CI/CD Pipeline Reliability Assessment

QASource conducts structured pipeline audits to identify software reliability with AI, flaky tests, coverage gaps, and process bottlenecks that allow defects to pass through automated checks. For engineering teams where the culture of rerunning pipelines until they pass has taken hold, QASource provides both the diagnostic capability and the remediation roadmap to restore pipeline integrity.

Security and Compliance Testing for AI Code

AI-generated code that touches authentication, external APIs, and dependency management requires explicit security validation. QASource security testing teams specialize in identifying the vulnerability patterns most commonly introduced by AI code generation, such as injection risks, improper authentication, and unsafe third-party dependencies. They work with coverage designed for the enterprise security requirements that public AI models are not trained to enforce.

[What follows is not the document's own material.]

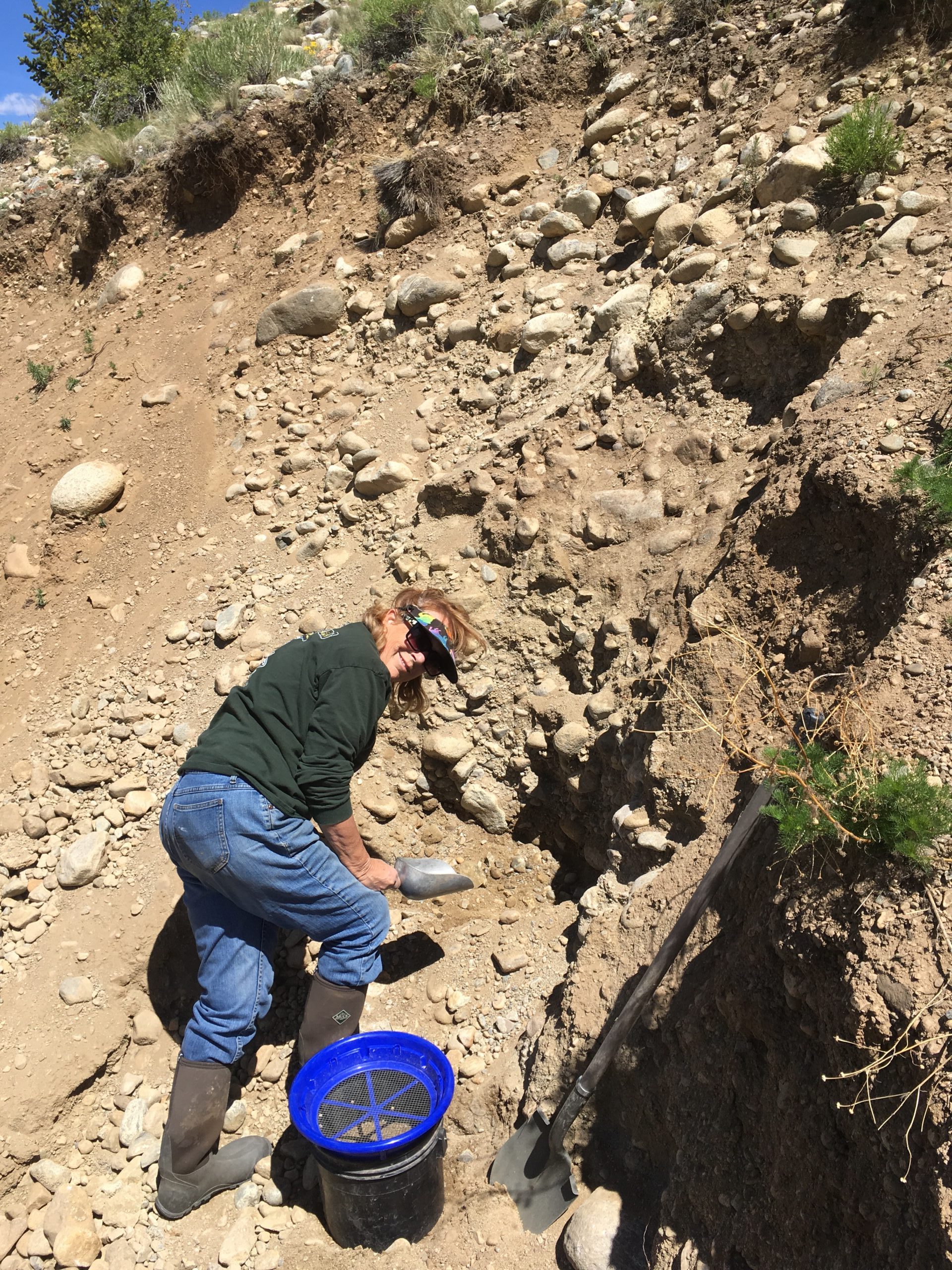 Point Barr Prospecting Site on the Arkansas River Finding Gold in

Quality Strategy and QA Leadership

For organizations that have reduced dedicated QA headcount in the shift to developer-owned testing, QASource provides experienced QA leadership to own AI testing challenges, risk prioritization, and validation standards. This is not a return to sequential waterfall testing. It is the restoration of quality ownership with a mandate to find what AI and developers consistently miss.

Change Failure Rate Reduction Programs

QASource works directly with engineering leadership to measure and reduce change failure rate through structured quality interventions. This eventually helps in improved test coverage, better pre-production validation, and tighter feedback loops between testing and deployment. For organizations where incident per pull request metrics have moved in the wrong direction, QASource provides the measurement framework and execution capability to reverse that trend.

Conclusion

The surge in AI adoption has fundamentally changed how software is built. Development velocity has increased dramatically, but speed alone does not guarantee progress.

If businesses focus exclusively on output metrics, they risk amplifying instability throughout their systems. This will eventually lead to AI-generated code security risks that affect the overall performance of the system.

The data behind the 23.5% increase in incidents per pull request serves as a warning. AI tools are powerful accelerators, but they amplify the strengths and weaknesses of the engineering environments in which they operate.

Sustainable velocity requires strong foundations: reliable testing pipelines, robust observability, clear ownership structures, and experienced engineers who understand the systems they maintain.